:: Task material

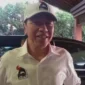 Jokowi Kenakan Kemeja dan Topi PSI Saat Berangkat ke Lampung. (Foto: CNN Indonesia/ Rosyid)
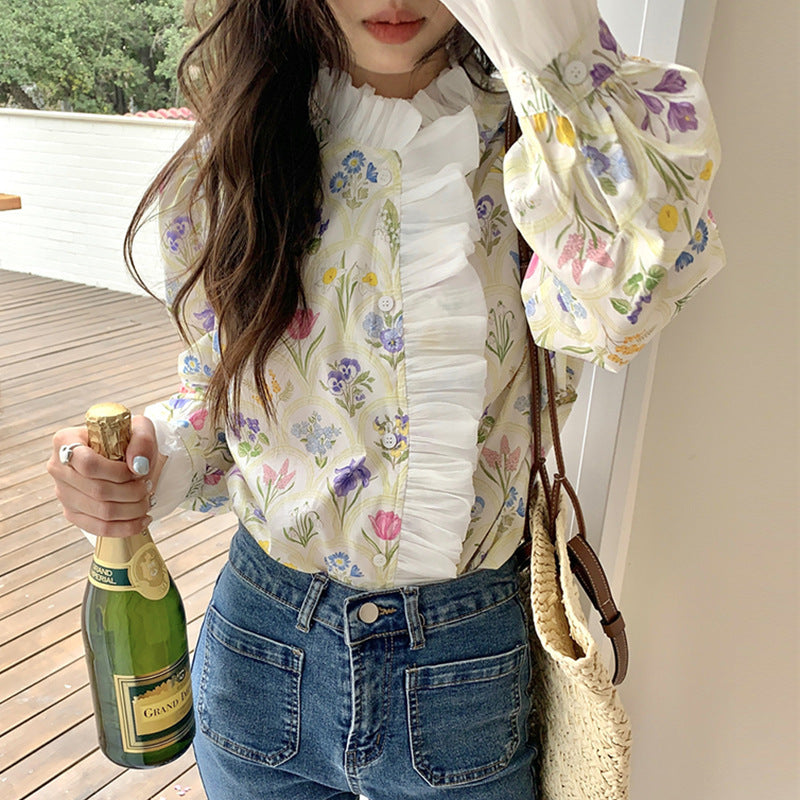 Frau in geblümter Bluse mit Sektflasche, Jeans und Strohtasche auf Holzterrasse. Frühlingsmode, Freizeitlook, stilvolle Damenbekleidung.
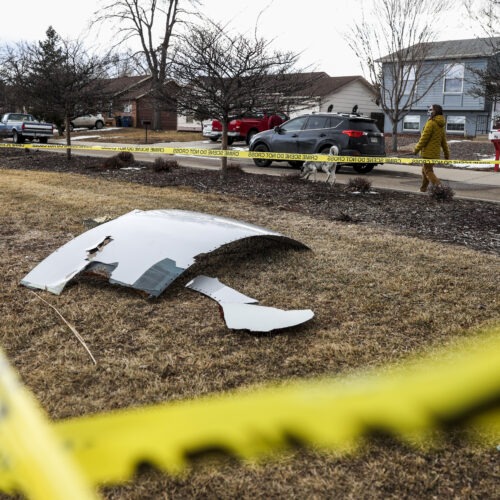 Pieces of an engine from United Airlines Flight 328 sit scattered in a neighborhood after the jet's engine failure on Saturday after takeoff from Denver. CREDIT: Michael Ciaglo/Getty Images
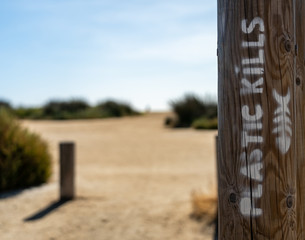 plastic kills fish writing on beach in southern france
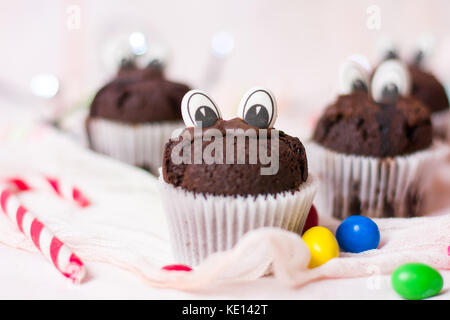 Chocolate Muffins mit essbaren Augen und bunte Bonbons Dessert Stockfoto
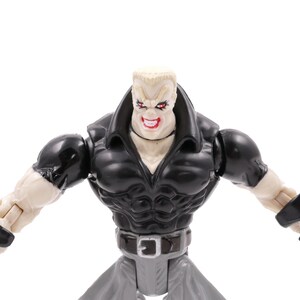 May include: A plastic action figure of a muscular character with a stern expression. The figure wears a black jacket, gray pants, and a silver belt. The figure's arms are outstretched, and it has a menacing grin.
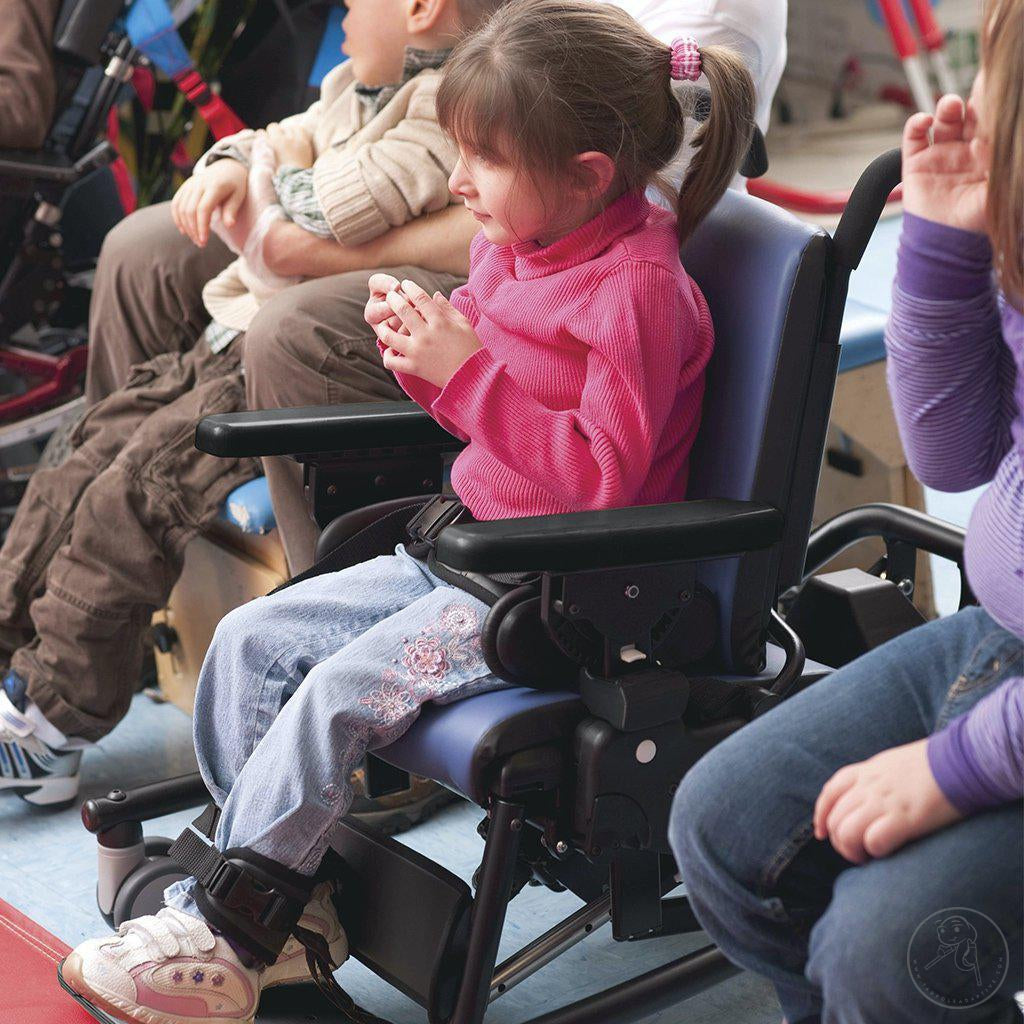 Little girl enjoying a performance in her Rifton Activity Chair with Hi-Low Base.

::::

Exercise objective: Please repeat, exactly and with nothing else, the lines from the one containing "plastic kills fish" to the last line of the entries, both included, excluding any pictures.

Your response:
 plastic kills fish writing on beach in southern france
 Chocolate Muffins mit essbaren Augen und bunte Bonbons Dessert Stockfoto
 May include: A plastic action figure of a muscular character with a stern expression. The figure wears a black jacket, gray pants, and a silver belt. The figure's arms are outstretched, and it has a menacing grin.
 Little girl enjoying a performance in her Rifton Activity Chair with Hi-Low Base.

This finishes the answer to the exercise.